#### EXERCISE DATA
<<<<

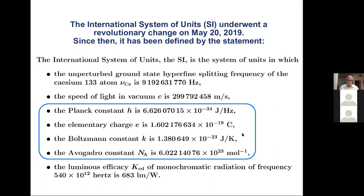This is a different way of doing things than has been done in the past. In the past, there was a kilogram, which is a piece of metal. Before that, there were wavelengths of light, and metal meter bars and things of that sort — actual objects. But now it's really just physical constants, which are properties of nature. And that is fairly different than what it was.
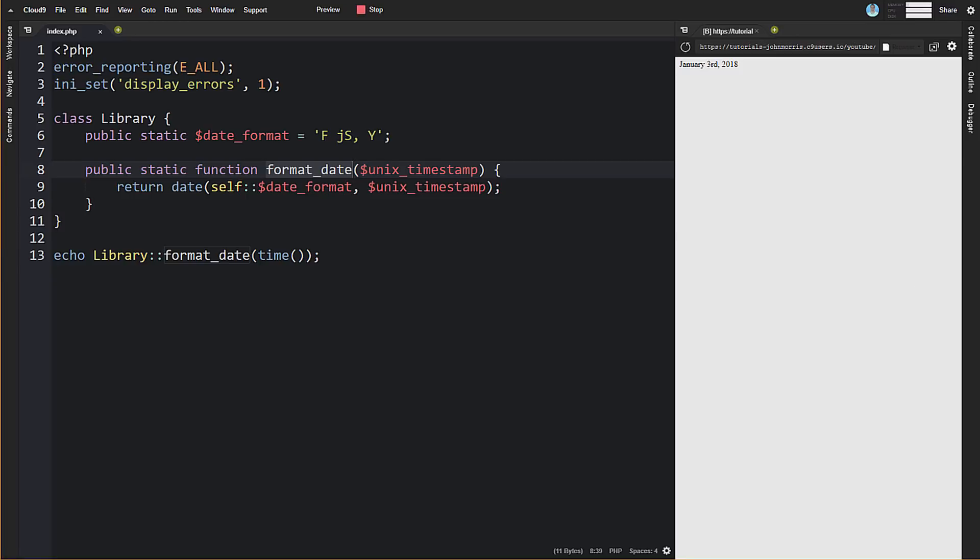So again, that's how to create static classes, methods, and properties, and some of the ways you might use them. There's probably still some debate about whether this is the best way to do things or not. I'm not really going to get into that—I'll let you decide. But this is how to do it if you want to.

>>>>
<<<<

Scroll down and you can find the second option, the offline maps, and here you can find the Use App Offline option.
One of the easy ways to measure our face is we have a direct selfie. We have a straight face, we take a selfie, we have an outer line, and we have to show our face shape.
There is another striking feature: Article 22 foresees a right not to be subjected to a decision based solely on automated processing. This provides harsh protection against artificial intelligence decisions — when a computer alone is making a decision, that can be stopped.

>>>>

#### EXERCISE
Going by the entries above, repeat exactly the lines that start at the line with "This is a different" and go on through the line with "So again, that's". Pictures are not part of the copy.

#### SOLUTION FOR THIS EXERCISE
This is a different way of doing things than has been done in the past. In the past, there was a kilogram, which is a piece of metal. Before that, there were wavelengths of light, and metal meter bars and things of that sort — actual objects. But now it's really just physical constants, which are properties of nature. And that is fairly different than what it was.
So again, that's how to create static classes, methods, and properties, and some of the ways you might use them. There's probably still some debate about whether this is the best way to do things or not. I'm not really going to get into that—I'll let you decide. But this is how to do it if you want to.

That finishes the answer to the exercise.